Which lines of the entries below contain the string "avec"? Copy each one.

━━━━━━

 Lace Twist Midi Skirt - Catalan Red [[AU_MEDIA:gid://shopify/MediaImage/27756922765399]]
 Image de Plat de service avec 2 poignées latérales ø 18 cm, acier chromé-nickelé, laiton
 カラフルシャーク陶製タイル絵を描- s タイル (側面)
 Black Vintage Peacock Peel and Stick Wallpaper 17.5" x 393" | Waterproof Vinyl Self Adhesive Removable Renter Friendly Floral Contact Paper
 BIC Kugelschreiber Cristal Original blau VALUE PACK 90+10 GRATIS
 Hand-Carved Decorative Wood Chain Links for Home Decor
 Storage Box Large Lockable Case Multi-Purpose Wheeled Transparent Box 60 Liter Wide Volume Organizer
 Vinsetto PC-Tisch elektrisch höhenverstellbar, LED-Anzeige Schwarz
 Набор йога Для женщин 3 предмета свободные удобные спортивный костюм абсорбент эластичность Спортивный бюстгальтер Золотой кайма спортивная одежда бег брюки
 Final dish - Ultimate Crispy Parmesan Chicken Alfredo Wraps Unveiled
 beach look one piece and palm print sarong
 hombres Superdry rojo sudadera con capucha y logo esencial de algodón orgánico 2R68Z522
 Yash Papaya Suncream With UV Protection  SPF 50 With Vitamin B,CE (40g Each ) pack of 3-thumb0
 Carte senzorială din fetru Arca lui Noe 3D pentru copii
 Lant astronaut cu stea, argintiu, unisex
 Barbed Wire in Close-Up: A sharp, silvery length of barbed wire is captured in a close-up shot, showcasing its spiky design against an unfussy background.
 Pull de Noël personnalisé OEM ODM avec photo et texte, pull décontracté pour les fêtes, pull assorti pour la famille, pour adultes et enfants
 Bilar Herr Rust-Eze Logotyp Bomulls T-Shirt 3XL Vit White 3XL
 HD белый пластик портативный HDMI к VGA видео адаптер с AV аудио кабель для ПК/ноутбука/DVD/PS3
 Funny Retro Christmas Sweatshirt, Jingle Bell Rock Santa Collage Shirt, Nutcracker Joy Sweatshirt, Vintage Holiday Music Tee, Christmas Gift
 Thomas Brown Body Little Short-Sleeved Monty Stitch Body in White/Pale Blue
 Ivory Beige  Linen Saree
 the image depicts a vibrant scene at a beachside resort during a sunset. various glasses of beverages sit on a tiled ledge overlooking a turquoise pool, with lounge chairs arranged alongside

━━━━━━

### ANSWER SPACE
 Image de Plat de service avec 2 poignées latérales ø 18 cm, acier chromé-nickelé, laiton
 Pull de Noël personnalisé OEM ODM avec photo et texte, pull décontracté pour les fêtes, pull assorti pour la famille, pour adultes et enfants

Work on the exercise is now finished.